### Required action
From the line that contains "Damn I miss you" to the final line below, both included, print each line exactly and skip the pictures.

### Exercise data
"""
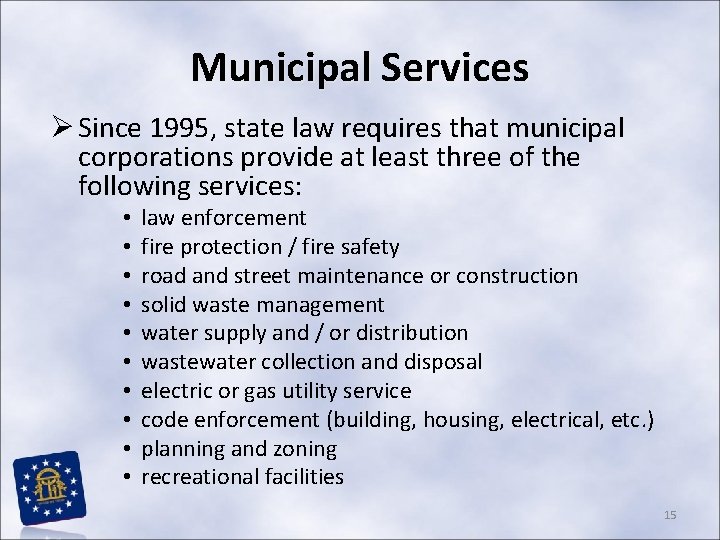 Municipal Services Ø Since 1995, state law requires that municipal corporations provide at least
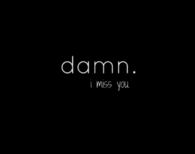 Damn I miss you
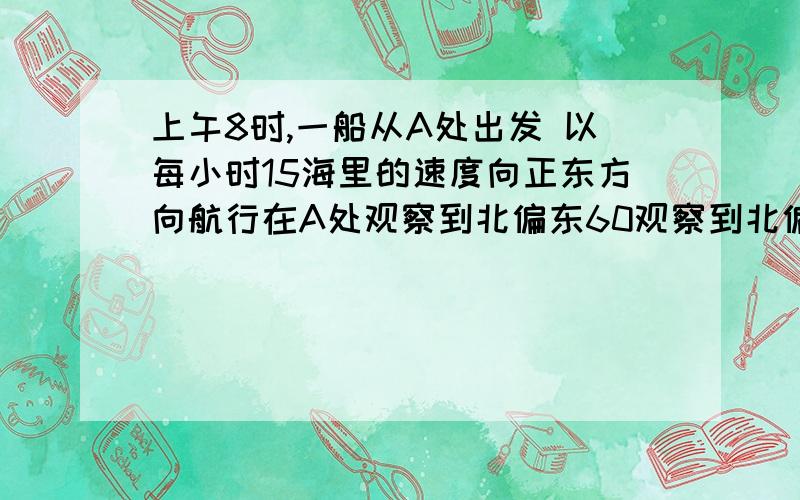 上午8时,一船从A处出发 以每小时15海里的速度向正东方向航行在A处观察到北偏东60观察到北偏东60°方向上有一海岛C,中午12时船航行到B处,观察到海岛C在北偏东45°方向上,求船在B处时与海岛C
"""
### Finished exercise
 Damn I miss you
 上午8时,一船从A处出发 以每小时15海里的速度向正东方向航行在A处观察到北偏东60观察到北偏东60°方向上有一海岛C,中午12时船航行到B处,观察到海岛C在北偏东45°方向上,求船在B处时与海岛C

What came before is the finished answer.